§ Action item:
Please copy exactly the line containing "NJ license plate B62XPM" and every line after it, through the last line of the records below, leaving out all pictures.

┄┄┄┄┄┄

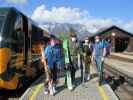 Irene, Christian, Romana und Stefan im Bahnhof Puchberg am Schneeberg, 577 m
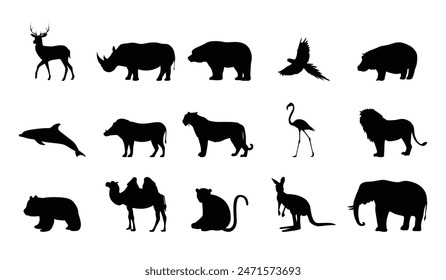 African Safari Animals Silhouettes collection on white background
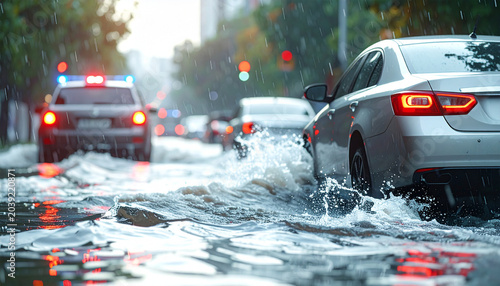 Flash Flood on City Street: Cars navigate through a submerged city street during a torrential downpour, with water splashing high around their tires and emergency lights flashing in the distance.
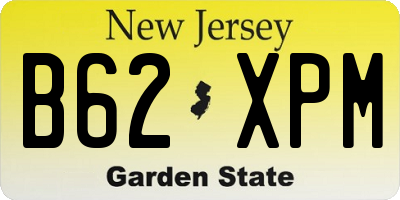 NJ license plate B62XPM
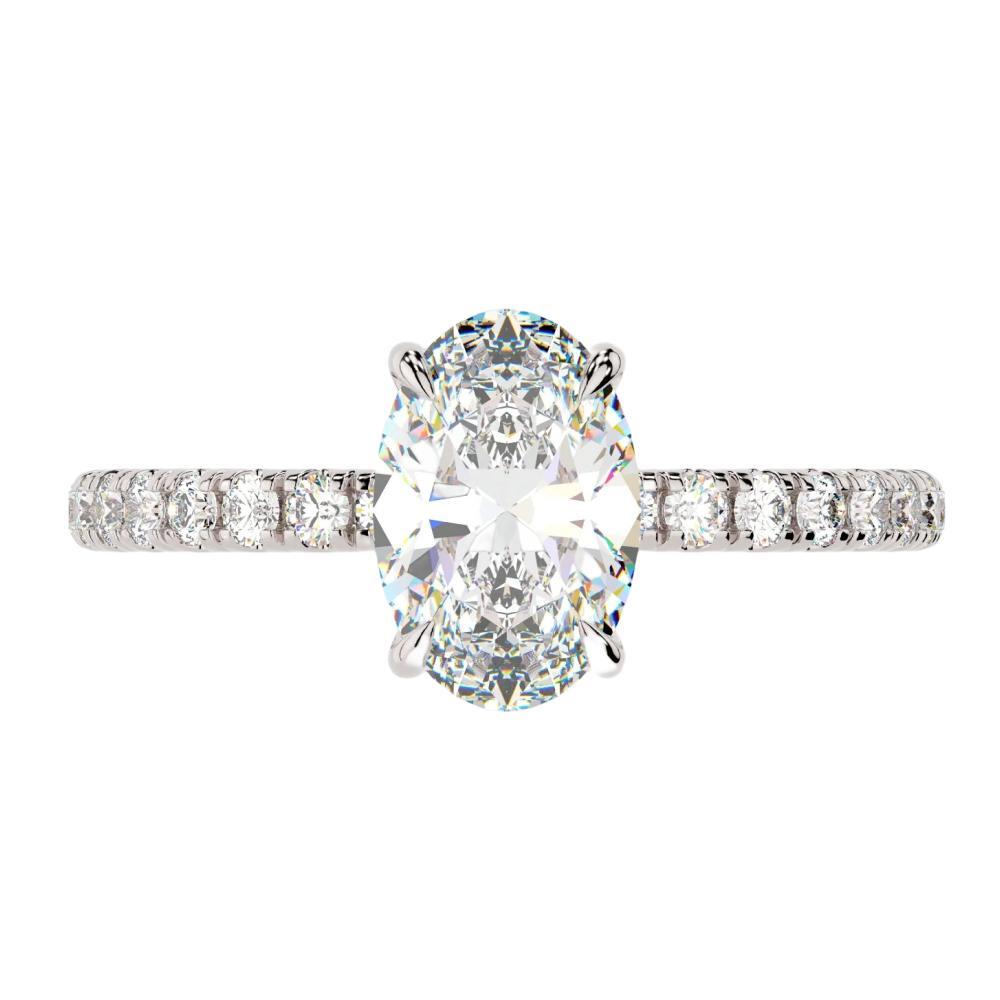 2ct Oval Shaped Hidden Halo Moissanite Engagement Ring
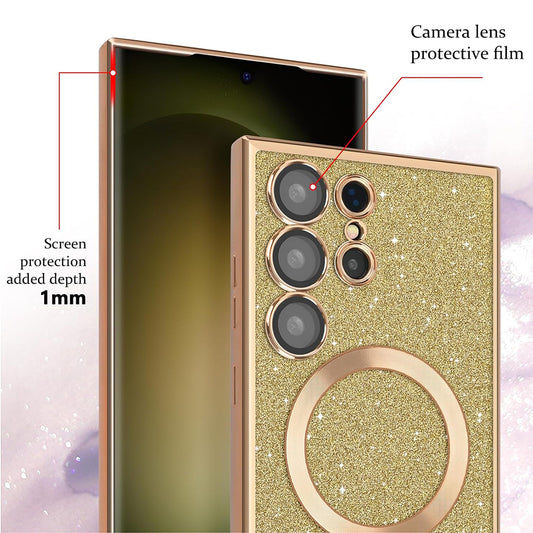 Husa MagSafe za Apple iPhone 17 Pro, Techsuit, Luxury Glitter, Svijetlo zelena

┄┄┄┄┄┄

§ Exercise answer:
 NJ license plate B62XPM
 2ct Oval Shaped Hidden Halo Moissanite Engagement Ring
 Husa MagSafe za Apple iPhone 17 Pro, Techsuit, Luxury Glitter, Svijetlo zelena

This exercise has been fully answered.